Segment Start: MATERIAL PROVIDED
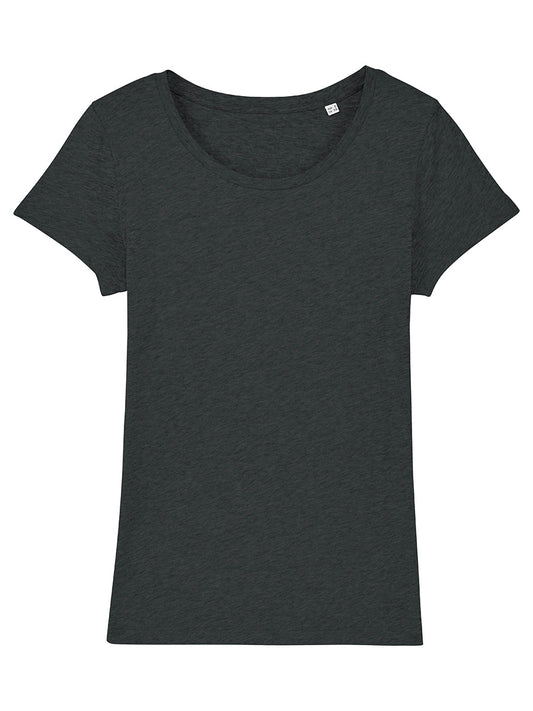 Frauenshirt unbedruckt - dunkelgrau meliert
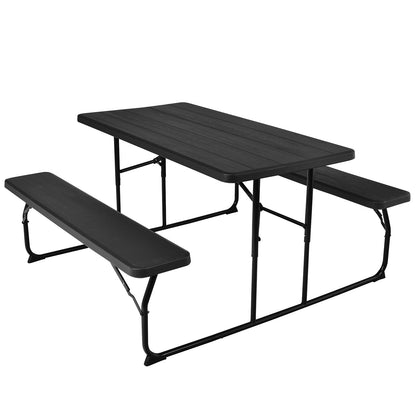Ensemble de Table et Bancs de Pique-nique Pliants, Texture Bois, Noir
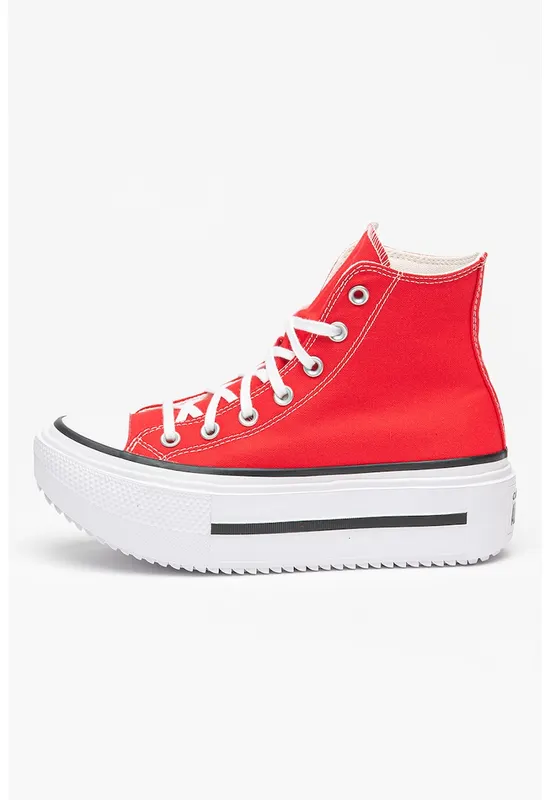 Tenisi cu platforma Chuck Taylor All Star Canvas - Rosu/Alb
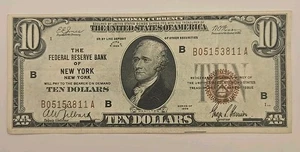 1929 $10 New York, New York Federal Reserve Bank National Currency - Picture 1 of 10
Segment End: MATERIAL PROVIDED
● **WORK INSTRUCTIONS**
Exactly repeat only the lines from the one with "Ensemble de Table" to the closing line above, both included, and omit every picture.

● **RESPONSE**
Ensemble de Table et Bancs de Pique-nique Pliants, Texture Bois, Noir
 Tenisi cu platforma Chuck Taylor All Star Canvas - Rosu/Alb
 1929 $10 New York, New York Federal Reserve Bank National Currency - Picture 1 of 10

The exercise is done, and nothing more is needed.